Конечно, Ибсена можно упрекать за эту исключительную его «отрицательность». Можно — и в сущности, осторожнее — его остерегаться. Но не надо забывать, что пафос
«камня на камне не оставить», как пафос пророков Евангелия или Льва Толстого, есть все-таки пафос творческий и положительный, потому что направлен лишь призрачно живую жизнь, на те условия, в которых мир гниет и гибнет, и которые не «смердят» только для того, кто совершенно лишен обоняния. Отрицание лжи в конечном счете не есть отрицание, и нуль есть все-таки большая величина, чем минус единица.
После прочтения Ибсена, после подъема к Ибсену, человек наг и нищ, как в первый дань творения. Но он и чист, как в первый день творения. Еще раз я хочу вернуться к ибсеновским снегам и горам. Из всех символов или образов, которые дает человеку природа, в снеге есть что-то исключительное. В снеге есть девственность, чистота, то отчетливое соответствие отвлеченным человеческим представлениям, которое у травы, воды или леса отсутствует. И, может быть, недаром, то есть не по одним только физическим причинам, снег лежит на верху, на горах. Когда человек видит на ясном небе снежную цепь Альп, он взволнован не только эстетически. И свое ничтожество перед этой сияющей белизной он чувствует совсем по-другому, чем перед морем, то есть не в плане слабости, незначительности, а как упрек, как укор пред неким «потерянным раем».
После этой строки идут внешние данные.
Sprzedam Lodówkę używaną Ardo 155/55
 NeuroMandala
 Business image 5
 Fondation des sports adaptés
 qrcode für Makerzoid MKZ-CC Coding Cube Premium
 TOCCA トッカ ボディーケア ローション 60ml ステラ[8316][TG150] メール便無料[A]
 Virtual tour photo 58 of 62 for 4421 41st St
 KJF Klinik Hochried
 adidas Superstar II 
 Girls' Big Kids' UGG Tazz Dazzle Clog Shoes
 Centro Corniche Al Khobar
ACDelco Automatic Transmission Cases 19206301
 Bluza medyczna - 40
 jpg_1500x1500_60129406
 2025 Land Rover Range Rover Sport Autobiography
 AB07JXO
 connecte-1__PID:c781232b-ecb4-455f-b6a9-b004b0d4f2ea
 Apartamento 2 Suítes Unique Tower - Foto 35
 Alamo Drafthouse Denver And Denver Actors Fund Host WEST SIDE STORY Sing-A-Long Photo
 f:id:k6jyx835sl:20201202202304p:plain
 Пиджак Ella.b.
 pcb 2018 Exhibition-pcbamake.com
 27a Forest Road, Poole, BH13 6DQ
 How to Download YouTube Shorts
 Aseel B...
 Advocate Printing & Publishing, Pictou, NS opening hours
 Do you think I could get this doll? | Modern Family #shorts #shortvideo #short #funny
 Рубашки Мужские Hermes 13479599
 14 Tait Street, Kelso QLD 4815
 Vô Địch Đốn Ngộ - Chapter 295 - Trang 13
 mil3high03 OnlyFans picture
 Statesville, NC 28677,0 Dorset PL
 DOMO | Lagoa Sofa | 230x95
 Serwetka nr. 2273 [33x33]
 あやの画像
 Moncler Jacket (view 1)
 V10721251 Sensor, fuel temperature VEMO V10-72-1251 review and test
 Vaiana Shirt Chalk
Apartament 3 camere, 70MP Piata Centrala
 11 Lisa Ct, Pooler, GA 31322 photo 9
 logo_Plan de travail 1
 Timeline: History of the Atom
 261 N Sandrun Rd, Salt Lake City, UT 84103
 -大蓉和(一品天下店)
Ибсен, мне кажется, настойчиво повторял образ горных вершин не потому, что они были для него условным знаком нравственного восхождение человека, а только как фон драм. Гора его не аллегорическая, а настоящая, Ибсен много раз повторял: «Я не идеолог, не философ, не теоретик, а поэт. Ему не верили, и поэзию его разлагали… Пора, наконец, понять, что он был прав. Он изобразил с исчерпывающей полнотой человека поздней, «неблагополучно» эпохи, он все разоблачил в нем и на излюбленных этим человеком путях ни иллюзии не оставил. Но в величие мира, в стройность мира, в божественность его он, кажется, верил, как верил в силу человеческого духа, который когда-нибудь да справится с «мировой чепухой». Горы были для него напоминанием, обещанием этого. Я слышал как-то от семнадцатилетнего мальчика удивительный рассказ, как он в вечер первого своего падения, подавленный и недоумевающий, принялся читать «Росмерсгольма» и как ему казалось, что с него смывается, сходит «вся эта мерзость». Ибсен едва ли мог желать большего. Учить людей он не хотел, но ослепить их, встревожить, на всю жизнь встряхнуть хотел. И тем, кто поднимались к нему, он сказал: Pax vobiscum! Это были последние слова его заведомо последней драмы, напутствие гибнущим в снегах его героям. И не только им: всем Рубекам, всем Иренам.